I read this article sometime before Thanksgiving whilst trying to find some fresh ammunition to get my butt back into the groove of eating less craptastically. It hasn’t worked yet, but I aim to drill it into my noggin with my trusty Black and Decker drill bit. Anyone ever tried drill therapy? Drill a hole through your tongue and you’ll never want to eat again?
The article contained 10 Ridiculous Things “Die”ters Say… and since I’m never in my lifetime ever going on another “die”t even with a drilled hole in my tongue, I changed it to 10 Ridiculous Things Calorizers Say… there… psyche quelled. My plan in this post is to list each individual item in bold, and then make snarktastic comments to the side of them. You are welcome.
1- “If I exercise enough I can eat what I want.” I’ve learned that this weight loss thing is approximately 90% what and how much you eat and 10% exercise. If you’re eating fast food 3 times a day and exercising 30 minutes a day… you’re going to gain weight. Exercise is beneficial for a healthy body/heart/mind, all that good stuff, but it doesn’t do a thing if you’re not throwing in the eating properly thing too.
2- “I don’t drink soda. Only juice, tea, and lemonade.” I’m adding “all things in moderation” to this here point. Lighten up, Fitbie… geez! Drinking anything aside from water is going to be empty calories and those empty calories can add up fast… so by the end of the day you’re left wanting to chew something. I’ve never been into shakes and smoothies and the like for that very reason. I don’t feel like I’ve eaten anything unless I’m chewing.
3 – “I avoid potatoes because they’re fattening.” SACRILEGE!!!! I’m from Idaho… take that back! I don’t care if 10 years down the road they discover potatoes cause zits and oily pores… I’m a gonna be baking and eating and mashing my taters until they throw me 6-feet down. The only fattening potato is the french-fried one and/or the one you put 10 pounds of butter and a container of Sour Cream on… and come on… that had to be obvious.
4 – “I never eat after 7 PM.” THANK YOU!! I always got frustrated with the nutritionist/dieticians who told me I needed to close my mouth and my kitchen after 6:30. I can’t work like that because when someone tells me I can’t do something, I’m going to be obsessing over it until I do it anyway. All things in moderation… chillax!
5 – “I eat the organic chips, which are healthier.” ALL THINGS IN MODERATION! Again, grow some frijoles, Fitbie! (yes I’m aware that I just told them to grow some beans). Of course organic does not automatically mean healthy… it just means they grew the stuff in cow doo instead of with chemicals and pesticides and stuff. Somehow the cow doo sounds less appetizing, but I’ll take your word for it, people of the Earth.
6 – “I already blew my diet and ate a piece of cake. Might as well eat the rest of it.” Oh boy… they must have heard me talking like pretty much every day the last few weeks. My favorite is… I’ll start again tomorrow… which inevitably has turned into 3 months later and I’m about to say it again. Disgrosting behavior, Whitnit!
7 – “No water for me today—I don’t want to look bloated at the party tonight.” I have never in my lifetime ever uttered such ridiculousness. PUH-LEASE, Twiggy and Mary Kate Olsen! Firstly, I never go to parties… and secondly, water is the nectar of the smart people!

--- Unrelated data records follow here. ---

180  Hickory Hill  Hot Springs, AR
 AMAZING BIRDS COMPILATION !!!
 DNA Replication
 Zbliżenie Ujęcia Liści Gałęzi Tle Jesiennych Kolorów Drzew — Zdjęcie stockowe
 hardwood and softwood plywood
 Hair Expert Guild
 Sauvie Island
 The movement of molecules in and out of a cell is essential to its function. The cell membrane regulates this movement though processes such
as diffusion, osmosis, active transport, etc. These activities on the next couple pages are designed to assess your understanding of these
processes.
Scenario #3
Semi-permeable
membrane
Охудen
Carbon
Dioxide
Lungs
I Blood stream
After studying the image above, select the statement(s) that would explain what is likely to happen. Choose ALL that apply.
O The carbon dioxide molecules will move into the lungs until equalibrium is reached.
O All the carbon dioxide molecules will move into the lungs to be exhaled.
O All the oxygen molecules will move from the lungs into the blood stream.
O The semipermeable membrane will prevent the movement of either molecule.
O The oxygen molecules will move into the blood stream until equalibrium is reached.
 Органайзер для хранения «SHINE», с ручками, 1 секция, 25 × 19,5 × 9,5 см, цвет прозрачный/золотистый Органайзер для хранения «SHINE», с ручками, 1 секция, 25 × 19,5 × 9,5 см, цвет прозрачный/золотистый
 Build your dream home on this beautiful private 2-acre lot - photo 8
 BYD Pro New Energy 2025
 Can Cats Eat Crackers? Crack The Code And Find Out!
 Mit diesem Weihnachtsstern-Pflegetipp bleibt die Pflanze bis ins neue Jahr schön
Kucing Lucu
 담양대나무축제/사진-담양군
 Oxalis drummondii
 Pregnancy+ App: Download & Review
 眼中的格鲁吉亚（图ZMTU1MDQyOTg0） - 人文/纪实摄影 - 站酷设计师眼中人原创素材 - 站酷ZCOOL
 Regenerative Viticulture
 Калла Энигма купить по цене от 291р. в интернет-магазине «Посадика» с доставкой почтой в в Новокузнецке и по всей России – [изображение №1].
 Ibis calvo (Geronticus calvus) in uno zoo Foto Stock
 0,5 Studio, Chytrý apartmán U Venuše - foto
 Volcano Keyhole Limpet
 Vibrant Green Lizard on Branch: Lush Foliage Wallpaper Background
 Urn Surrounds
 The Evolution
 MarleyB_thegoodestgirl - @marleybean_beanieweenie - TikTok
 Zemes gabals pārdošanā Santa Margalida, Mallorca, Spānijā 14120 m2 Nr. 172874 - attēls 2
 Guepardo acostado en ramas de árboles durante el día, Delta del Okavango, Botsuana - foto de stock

8 – “I can’t eat eggs, they’re bad for me!” Oh, shoot me now… I eat eggs several times a week… it’s one of my main sources of protein. Most times it’s the egg white/egg beater form, but I do regularly eat whole eggs too. Don’t offend the chickens… eat eggs!
9 – “If I eat breakfast, I’ll keep eating all day” Durrrrrrrrrrrrrr… another one from Twiggy, I suppose. Eat breakfast and be Merry for tomorrow you can eat it again. Eating breakfast is a smart thing for your blood sugar and your metabolism.
10 – “I ate a triple hamburger and large shake today, but that never happens.” And your point is? ALL THINGS IN MODERATION! I suppose if I were to use the all things in moderation mantra on this one, it wouldn’t be a triple burger but a single and the large shake would become a small… and it wouldn’t be a daily occurrence, but a once-in-a-while one. Be smart about it… and LIGHTEN UP!!
Question of the Day: Which of these phrases are you most famous for saying? Which do you have mastered?